EERE Network News
June 24, 2009
News and Events
Energy Secretary Steven Chu announced a new Low Carbon Communities Program for nations throughout the Americas at a mid-June meeting of energy ministers and other government leaders in Peru. Several nations in the Americas are also establishing regional centers to promote clean energy.
DOE has released its first Advanced Technology Vehicles Manufacturing loans to Ford, Nissan, and Tesla. The loans will help Ford convert factories in Illinois, Kentucky, Michigan, Missouri, and Ohio to produce fuel-efficient cars, while Nissan and Tesla will manufacture electric vehicles in Tennessee and California, respectively.
Fourteen states and the District of Columbia received more than $453 million in Recovery Act funds on June 18, allowing those states to dramatically expand their weatherization assistance programs. The funds will go toward energy efficiency upgrades of the homes of 165,000 low-income families.

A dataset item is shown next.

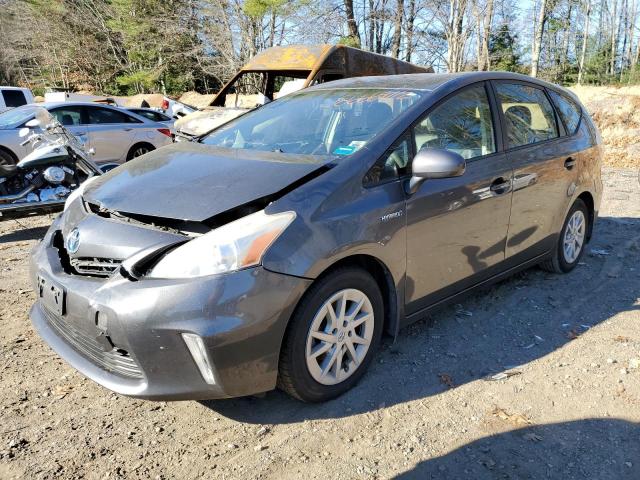 Photo 2 from auction – 2012 TOYOTA PRIUS V with VIN JTDZN3EU8C3065557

DOE is awarding more than $49 million in Recovery Act funds to support energy efficiency and renewable energy projects in Michigan and Iowa, as part of DOE's State Energy Program. The two states have now received half of the Recovery Act funds available to them under the program.
The U.S. Department of the Interior has officially started to issue leases for offshore wind power, as the agency issued its first five exploratory leases on June 23. The leases will allow for data collection at five proposed wind power sites off the shores of Delaware and New Jersey.
Despite a constant projected growth in electricity use over the next decade, the peak power demand in the United States could be held essentially steady, according to a new report from the Federal Energy Regulatory Commission. Achieving that feat would involve the widespread use of "smart" meters and utility rates that go up with increasing demand.
A new summary report on climate science warns that sea levels are projected to rise a meter by 2100, the ocean is warming faster than expected, and natural carbon sinks are becoming less effective. But addressing the problem is not out of reach, if the world acts now to cut greenhouse gas emissions.